Colonial intervention
Spring likens this to the arrival of batik in Ghana from the
Netherlands. Originally destined for Indonesian markets, but rejected
there because of faults in the wax process, batik became the height of
fashion in large parts of West Africa.
Another such cross-cultural exchange is the adoption of the tartan
by the Zulu Nazareth Baptist Church, where the iskotch uniform is worn
for sacred dances. The Maasai warriors in Kenya and Tanzania also share
the tartan, in their African Highlands.
Colonial intervention is only part of the story of African textiles.
“One of the things that I need to do, as a curator, is dispel the myths
that people have about Africa,” says Spring. “They don’t think of it as
somewhere that’s been trading with different parts of the world long
before Europeans arrived. They don’t have an idea of global Africa.”
The narrow view that Spring is deconstructing posits Africa either as
a single country beset by war, famine and disease, or views the
continent through rose-tinted shades — the home of the big five with big
skies to match.
In fact, what Spring repeatedly refers to as global Africa creates a
far more complex patina and does not lend itself to convenient
definitions. Many African textiles are produced in India, China, the
Netherlands or Japan. As Spring points out, the Chinese traded their
silk to Ethiopia centuries ago.
Across town, the Stephen Friedman Gallery is exhibiting a series of
artworks by Yinka Shonibare, who uses the Yoruba-style batik as a sign
of his “postcolonial” identity, according to the press release.
The theme of Shonibare’s exhibition is the greed and excess that led
to the global economic crisis. But it is not all a picture of doom and
gloom. There is an element of comedy in these works, like his headless
figure, B(w)anker - a portly banker gripping an erupting champagne
bottle like a phallus and dressed from top to tail in African batik.
Shonibare’s batik-wearing Champagne Kids have globes for their heads,
and are drinking bubbly straight from the bottle. All are perched
precariously, either about to fall off a chair, or dangling from the
wall. Each football-sized globe head records a significant date in the
global economic meltdown of 2008, such as when Lehman Brothers
collapsed, or when the Irish, Spanish and Greek markets unravelled.
A shorthand for identity
His central piece, Last Supper (after Leonardo), subverts the
Christ image, replacing him with Bacchus, the god of wine. Bacchus and
his disciples are life-sized headless mannequins, and Bacchus also has
the furry legs of a goat. Bottles of champagne are strewn all over the
table, gluttony and fornication the order of the day. This installation
comes to represent the debauched last supper of the bankers, “before
their crucifixion in recession”, explains Shonibare.
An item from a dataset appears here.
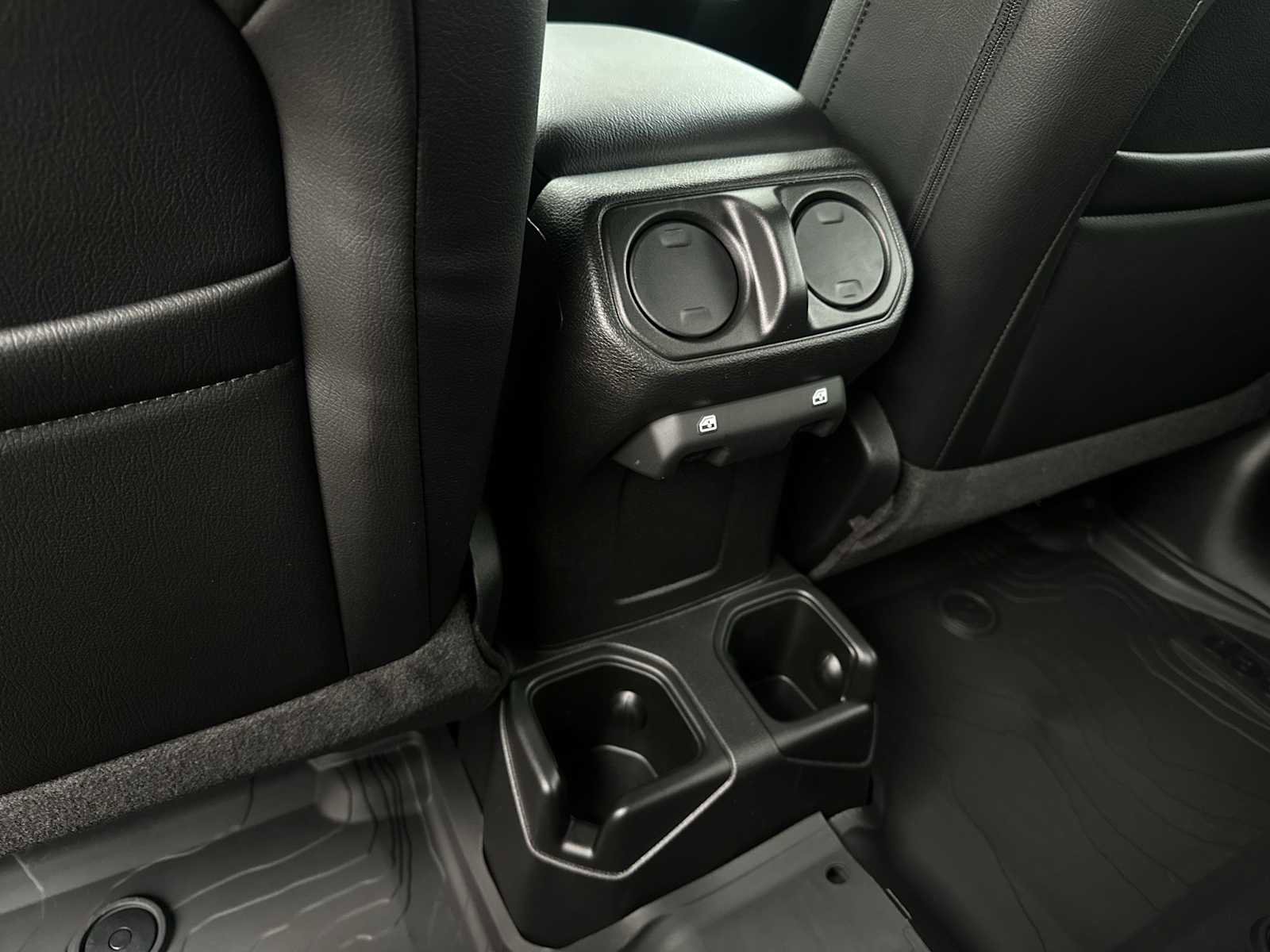 New 2026 Jeep Wrangler Willys image 20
The figures are neither black nor white and all dressed in the vivid
colours of Dutch-produced wax batik, based on Indonesian designs,
traditionally worn in Nigeria. Can you call it African?
“There are regional textiles, but I don’t know if you’d call them
African,” Shonibare says. “Within Africa there are indigenous textiles
and it’s not connected to the global trade. I guess you could say those
are indigenous regional textiles, but as you know the concept of Africa
is a Western one.”
Shonibare warns against reading too much into the extensive use of
(so-called) African textiles in his work. “Really they’re just tropes”,
a shorthand for identity “in a world of stereotypes”.
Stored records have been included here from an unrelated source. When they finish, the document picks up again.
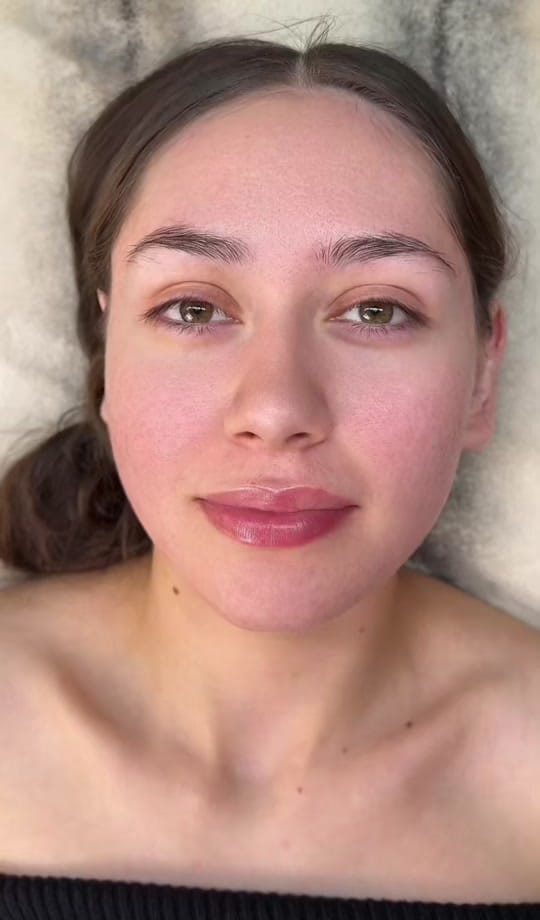 Post 7 by Grecia• LV Korean Lash Lifts on TikTok (video)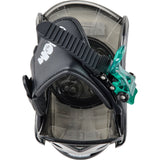 Burton Kids' Grom Snowboard Bindings - The Snowboard Shop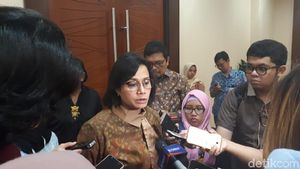 Sri Mulyani Siapkan Jurus Percepat Pembiayaan Bantuan Bencana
“[African] people are experiencing global culture and they’re not
stuck in some kind of traditional African state. They’re part of a
global conversation. They’re essentially modern people.”
Shonibare points out that his current show is about the decadence of
bankers and that art cannot be read like a book, it is not like a
sermon.
“The fabrics are just a vehicle for producing magic. What you’re
looking at is a form of visual poetry, and there are things happening in
the work beyond the simple sign of the fabric,” he says."
Louis Vuitton’s menswear range 2011, heavily drawing on traditional Masai plaids
worn with desert boots - 'veldskoene' and socks and sandals!